Nooit zonder pet naar buiten
Vijf jaar verder is ze inmiddels. Harmien moet haar rechteroog nog iedere dag druppelen, om afstoting van het donorhoornvlies te voorkomen. En het oog is nog steeds gevoelig voor licht. ‘Je kon me de afgelopen jaren uittekenen met die pet,’ zegt ze over haar portretfoto; ‘ook in de winter zette ik die op zodra ik naar buiten ging.’ Ze probeert nu om hem wat vaker af te laten. ‘Hopelijk went het.’
Wat er verder veranderd is? ‘Als ik bijvoorbeeld in een volle trein zit, ben ik heel alert op mensen in het gangpad die zich plotseling omdraaien. Ik wil geen rugzak in mijn oog krijgen. Natuurlijk ook niet in het goede oog. Want met mijn rechteroog zie ik nog maar zo’n 40, 50 procent.’
Overigens zou haar zicht waarschijnlijk wel iets beter zijn als ze een speciale contactlens droeg; een grote, die het hoornvlies platdrukt. ‘Maar dan moet ik ook weer een lens in mijn andere oog, en dat durf ik niet meer. Stel je voor dat daar een amoebe in komt.’
Ik durf geen lenzen meer te gebruiken. Stel je voor dat ik weer een amoebe krijg
Mogelijke besmettingsbronnen
Harmien weet nog steeds niet hoe de amoebe in haar rechteroog is beland. ‘Ik heb in de weken voor de infectie bijvoorbeeld niet met lenzen in gezwommen. Kennelijk doen patiënten de infectie vaak daar op, want de parasiet kan in chloorwater overleven.’
Een waarschijnlijker besmettingsbron bij Harmien is kraanwater. Ook daarin kan de acanthamoeba zitten. ‘En ik had nooit gehoord dat het riskant is om je lenzen onder de kraan te houden als je geen reinigingsspullen bij je hebt. Dus ja, dat heb ik voorjaar 2019 vast wel eens gedaan. En douchen met mijn lenzen in ook.’
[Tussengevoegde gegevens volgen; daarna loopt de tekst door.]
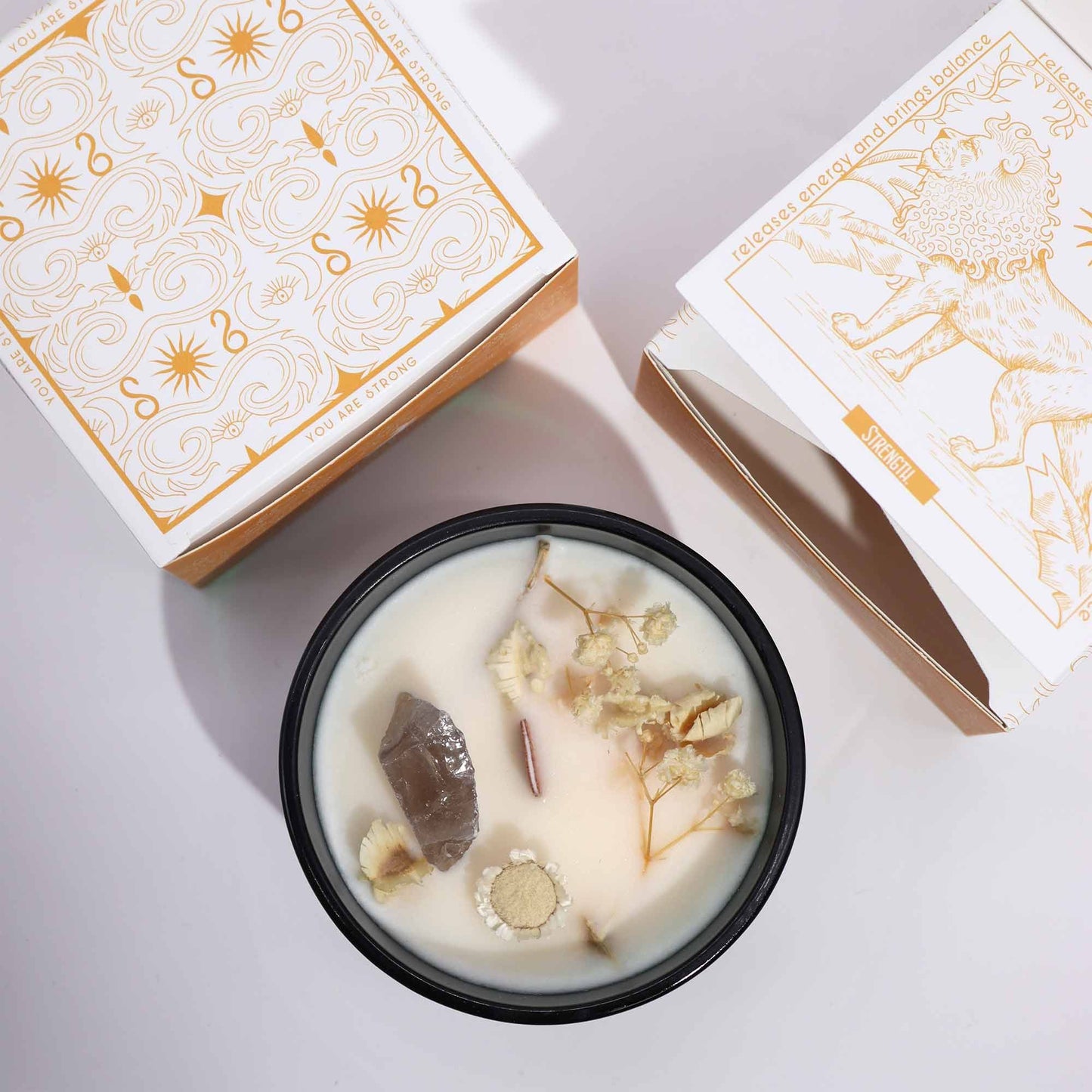 Hop Hare Magical Crystal Flower Candle - Leon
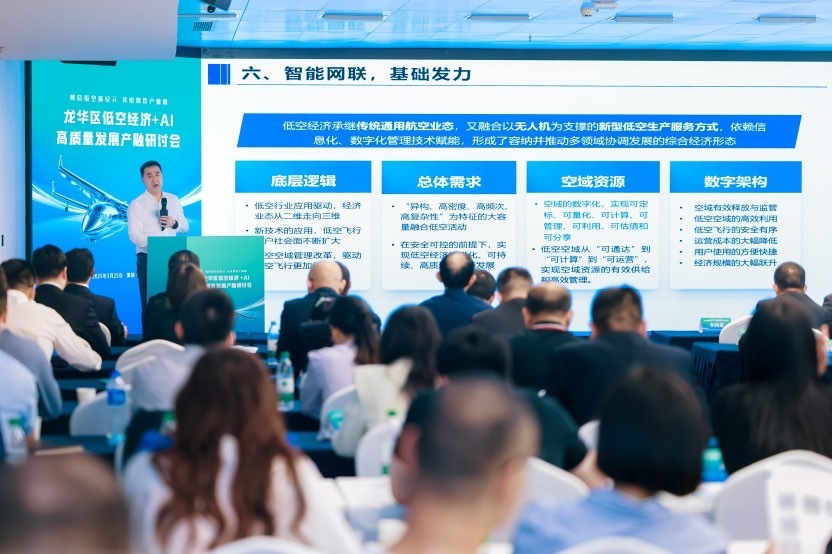 龙华区低空经济+AI高质量发展产融研讨会成功举办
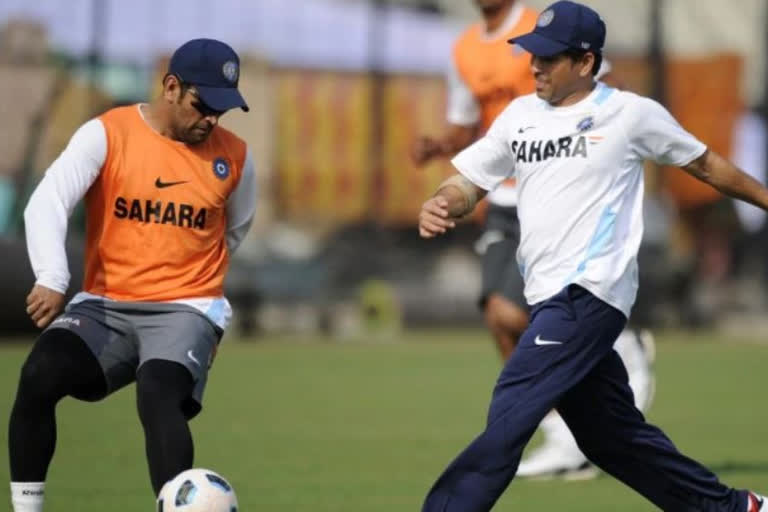 Dhoni and sachin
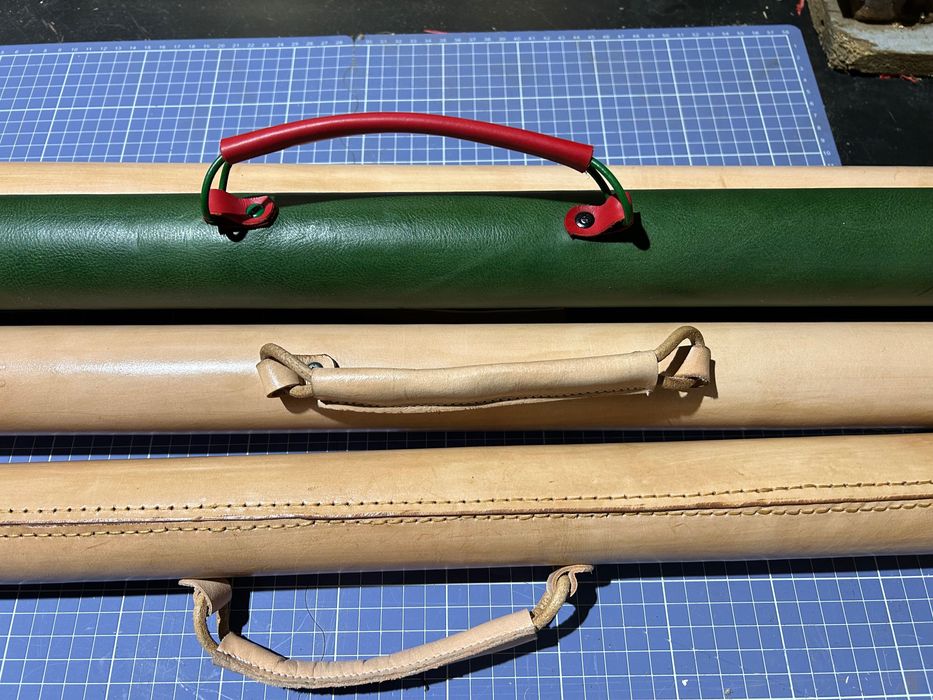 Tuba do  muchówki 9 stòp czterosklad skóra naturalna ręcznie szyta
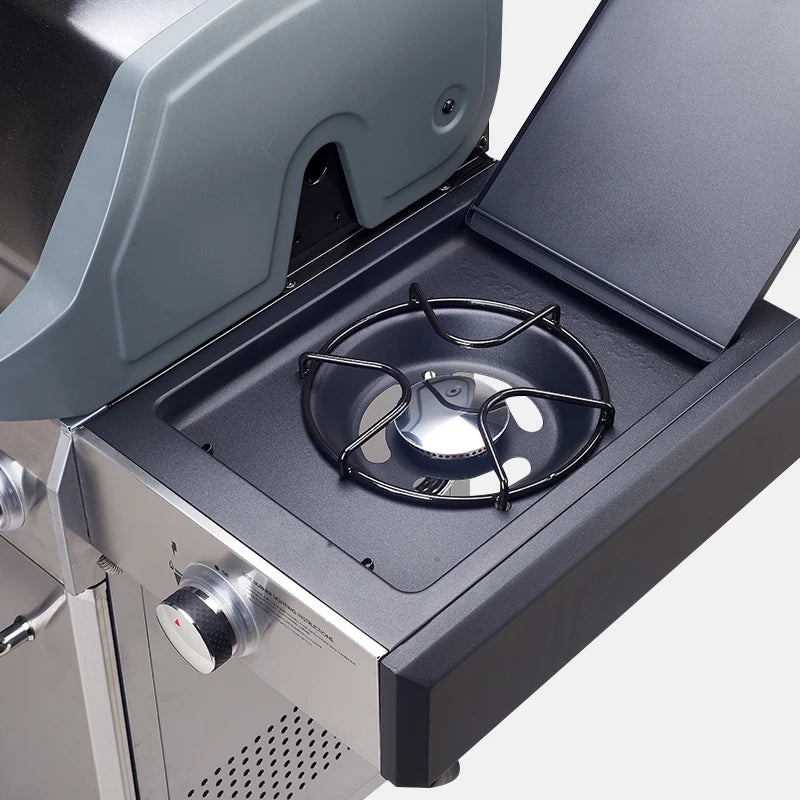 Commercial Stainless Steel 6-Burner Gas Grill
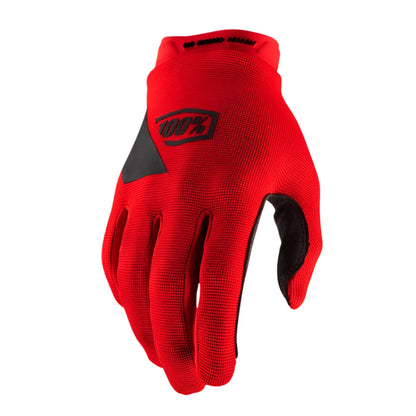100% RideCamp Youth Gloves Red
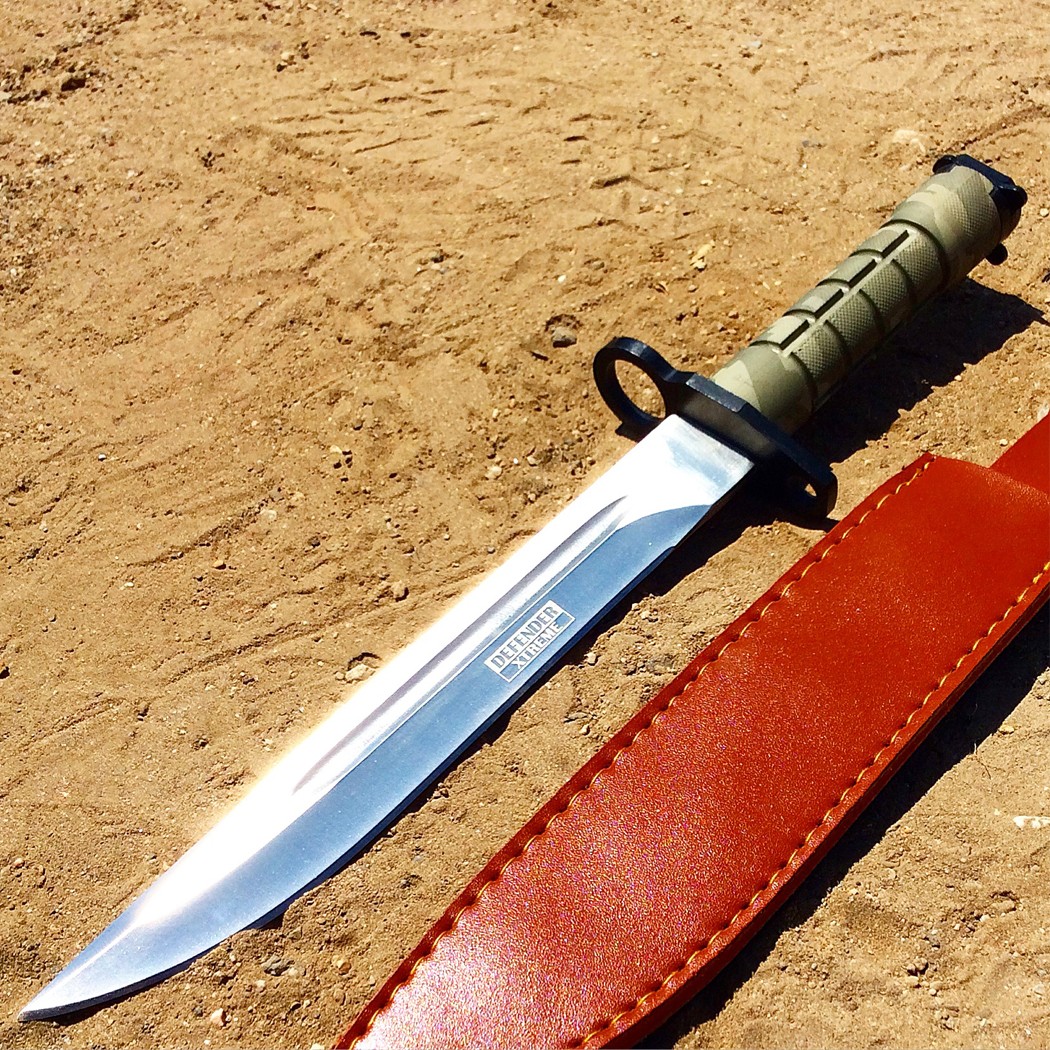 13.5" Military Survival Rambo Fixed Blade Hunting Knife Bayonet Tactical Bowie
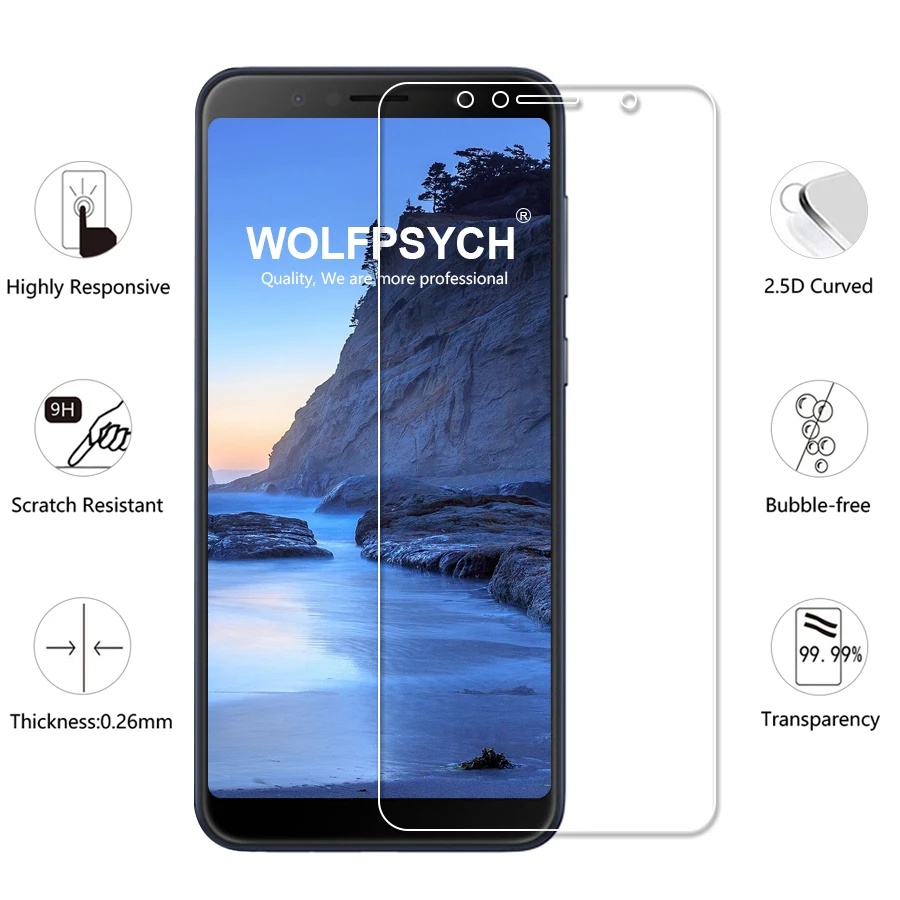 WOLFPSYCH 2 шт./лот не полное покрытие закаленное стекло для Asus Zenfone Max Pro (M1) ZB601KL 9 H 2.5D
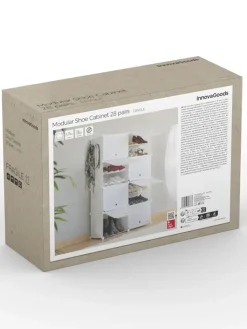 InnovaGoods Garderoben<Schuhschrank in Weiß - (B)84 x (H)128 x (T)32 cm
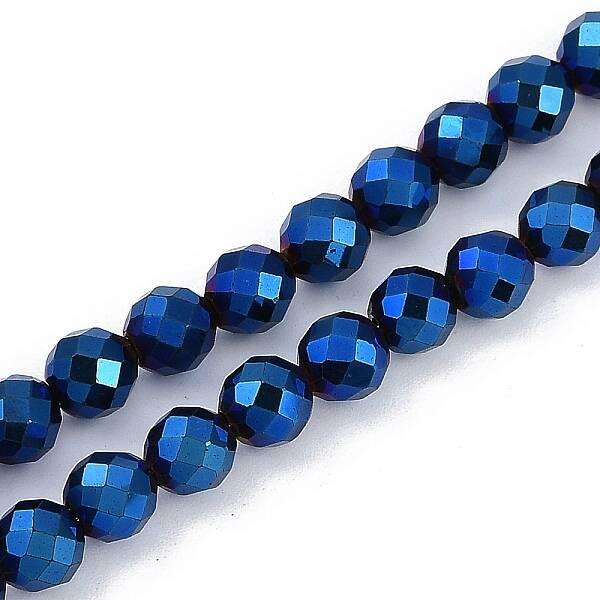Electroplated Synthetic Non-magnetic Hematite Beads Strands
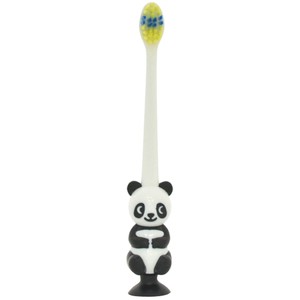Toothbrush black Panda 1-pcs set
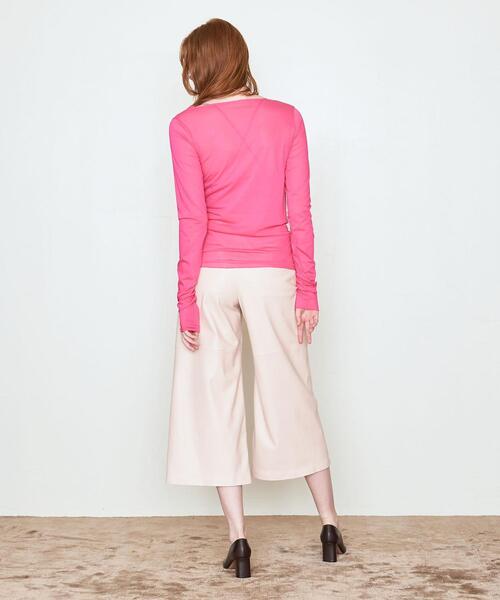 AEWEN MATOPH（イウエン マトフ）の「＜AEWEN MATOPH（イウエン マトフ）＞シアー ボートネック カットソー（Tシャツ/カットソー・レディース・ホワイト/ブラック/ピンク・FREE）」の13枚目の写真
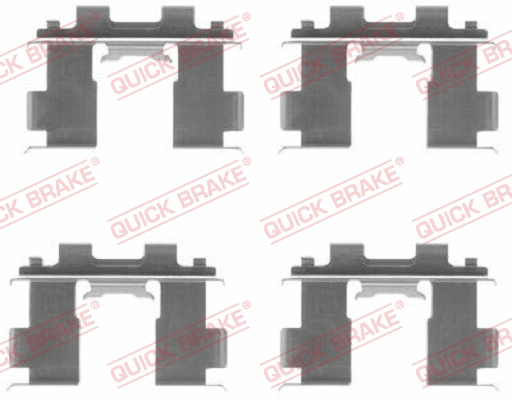 Accessory Kit, disc brake pad (109-1205)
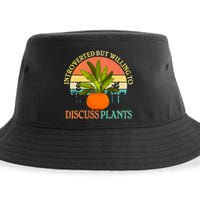 Retro Introverted But Willing To Discuss Plants Sustainable Bucket Hat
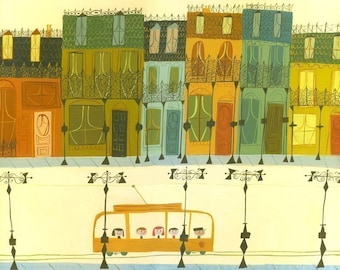 New Orleans. Limited edition print by Matte Stephens.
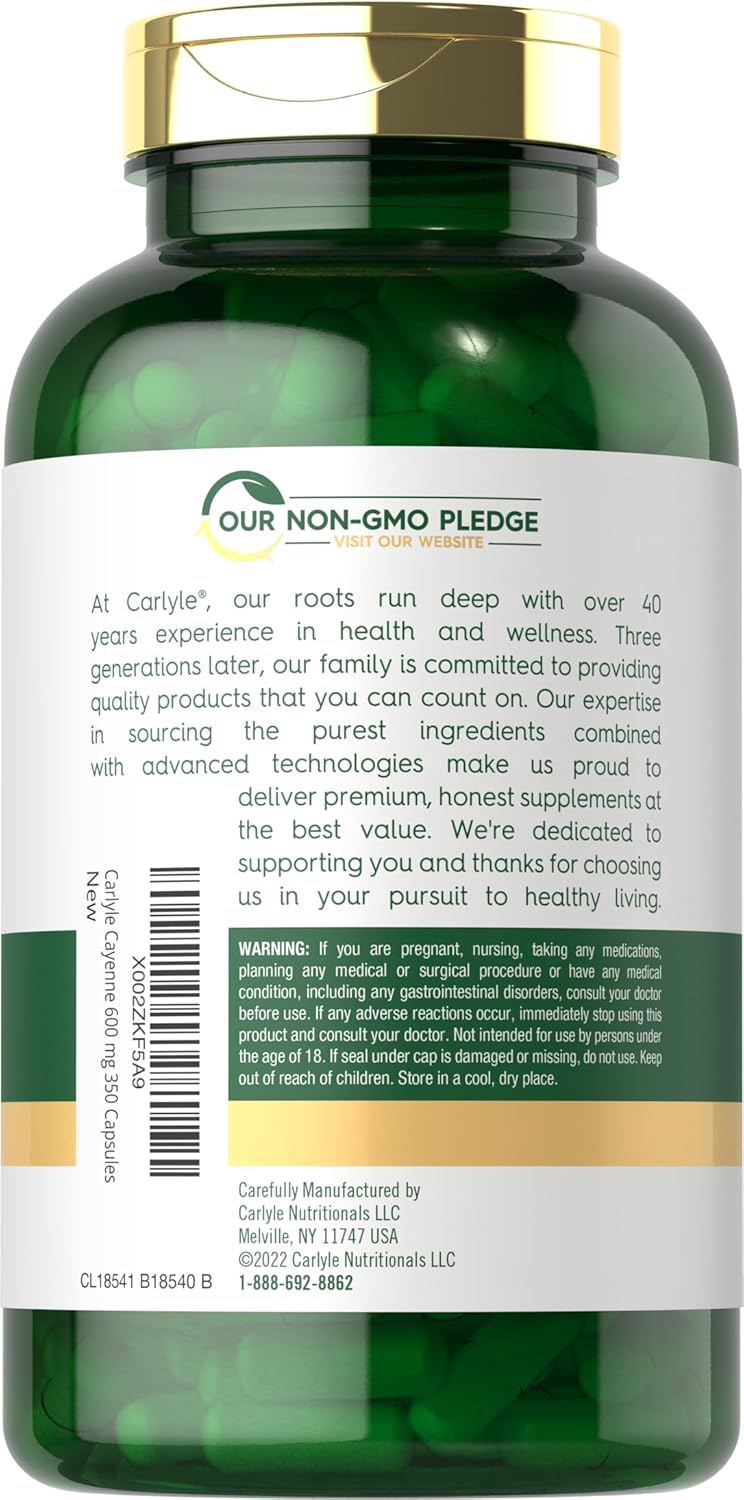 Cayenne Pepper | 350 Capsules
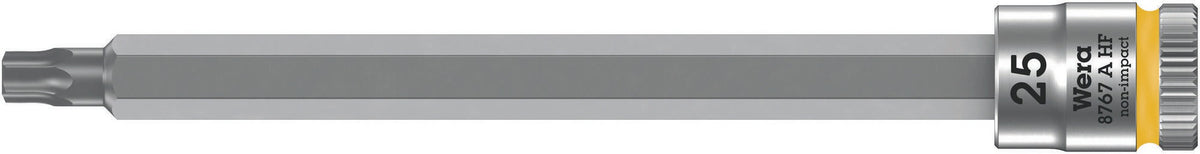 WERA Steckschlüsseleinsatz 8767 A HF TORX® 1/4 Zoll T10, 28 mm, mit Haltefunktion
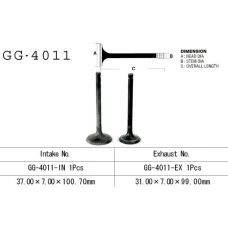 VESRAH КЛАПАН ВПУСКНИЙ KAWASAKI KLF/KVF 300 '86-'02, BJ 250 '94-'06, KLR 250 '80-'84 (1 NA ТРАНСПОРТ) (OEM: 12004-1006,12004-1123) (1 ШТ.) (MADE IN JAPAN)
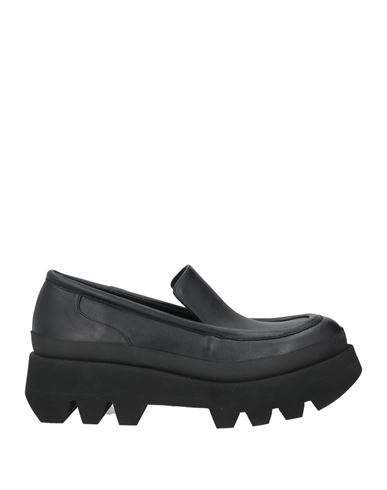 Paloma Barceló Woman Loafers Black Size 10 Soft Leather
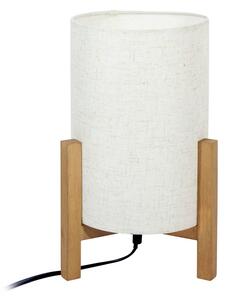Italux modern skandináv asztali lámpa ones fehér fa itxtb-85930-m-wh-wo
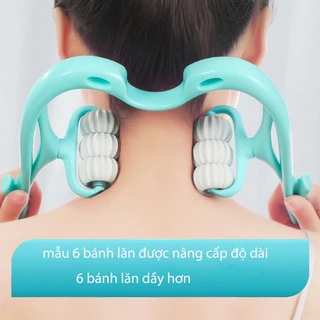 Dụng Cụ Massage Cổ Vai Gáy 6 Bi Cầm Tay Giúp Giảm Đau Tê Nhức Mỏi Hiệu Quả,Cây Massage Cột Sống Cổ Và Toàn Thân Cầm Tay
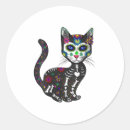 Search for sugar skull cat stickers Gato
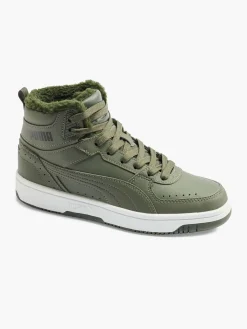 Kinder PUMA Hoher Sneaker REBOUND JOY FUR JR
Maar misschien kwam de acanthamoeba ook wel uit een vernevelaar bij een terras of boven de groenteschappen in de supermarkt. Harmien weet het gewoon niet. Hoe dan ook, voortaan houdt ze het bij een bril. ‘Die voelt meteen als een extra bescherming van mijn ogen.’
Ik wist niet dat het riskant is om je lenzen onder de kraan te houden
Hoornvliezen uit stamcellen
Welke hoop put Harmien uit wetenschappelijk onderzoek? ‘Ik weet dat er momenteel bijvoorbeeld wordt geëxperimenteerd met hoornvliezen uit stamcellen. Belangrijk onderzoek, want stamcellen kunnen uit je eigen weefsel of bloed worden gemaakt. Daardoor is er geen afstotingsgevaar.’
Tot die tijd is haar hoop gevestigd op meer hoornvliesdonoren. Je gaat weliswaar niet dood aan een hoornvliesbeschadiging, besluit ze, ‘maar de pijn tastte mijn levenskwaliteit enorm aan. Ik ben mijn donor daarom heel dankbaar. Ik weet dat veel mensen die zich als donor aanmelden, hun hoornvliezen uitsluiten. Hopelijk bedenken ze zich door een verhaal als dat van mij.’